Backing up database data (OCP)

You can back up (and later restore) existing topology data for the Agile Service Manager OCP installation. This can be helpful when updating your system, as part of your company's data management best-practice, or for maintenance reasons.

About this task

Agile Service Manager stores its information in the Cassandra database, using in turn PostgreSQL for providing inventory-like search and query capabilities of the same data.

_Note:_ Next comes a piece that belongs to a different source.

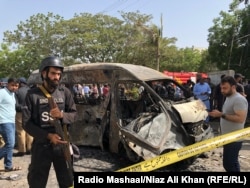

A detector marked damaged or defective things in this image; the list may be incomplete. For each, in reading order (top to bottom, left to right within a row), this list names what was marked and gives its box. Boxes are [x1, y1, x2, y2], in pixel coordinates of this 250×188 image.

burnt van [28, 62, 214, 163]
damaged vehicle [28, 62, 214, 164]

The backup and restore procedures are therefore based on backing up the Cassandra database (where all the information is stored) and, upon its restoration, triggering a topology re-broadcast to re-populate PostgreSQL to keep the consistency of the information in both stores.

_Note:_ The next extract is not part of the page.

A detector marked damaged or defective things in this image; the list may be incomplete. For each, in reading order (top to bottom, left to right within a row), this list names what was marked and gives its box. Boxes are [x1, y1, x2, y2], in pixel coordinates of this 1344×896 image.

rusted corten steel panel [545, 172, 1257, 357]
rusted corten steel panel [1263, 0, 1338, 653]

Note: Back up Postgres data before you back up Cassandra data. If backup order differs, Postgres data might contain information that doesn't exist in the topology because of the order in which storage is backed up. Because of this order, it is also suggested that you restore Postgres data before you restore Cassandra data. After restoration in this order, gaps between Postgres data and Cassandra data can be rebuilt with the resync crawler.
Agile Service Manager can be installed on RedHat OpenShift Container Platform (OCP) following different deployment models:
  • As part of a Netcool Operations Insight solution
  • Or as a stand-alone product (that is, without NOI) as part of a Watson AIOps deployment
Naming conventions for Agile Service Manager on OCP (as part of NOI or AIOps Event Manager)
When Agile Service Manager is deployed as part of NOI, the naming convention the Agile Service Manager pods follow is: {releaseName}-topology-{resource}-{suffix}, where 'suffix' is a number for the Stateful Sets (such as a Cassandra database) that represents the pod replica number, or a hash-like uid for the Deployment pods.
For example, Cassandra pods might be {releaseName}-topology-cassandra-0 for the first replica of the set, whereas the topology service pod could be {releaseName}-topology-topology-57477f4978-qp9gz.
In cases where Cassandra is shared, the shared instance pods Agile Service Manager uses would be {releaseName}-cassandra-{suffix} instead.
Naming conventions for Agile Service Manager on OCP standalone (pre-reqs for AIOps AI Manager)
When Agile Service Manager is installed as a standalone product, the naming convention for its pods is {releaseName}-{resource}-{suffix}.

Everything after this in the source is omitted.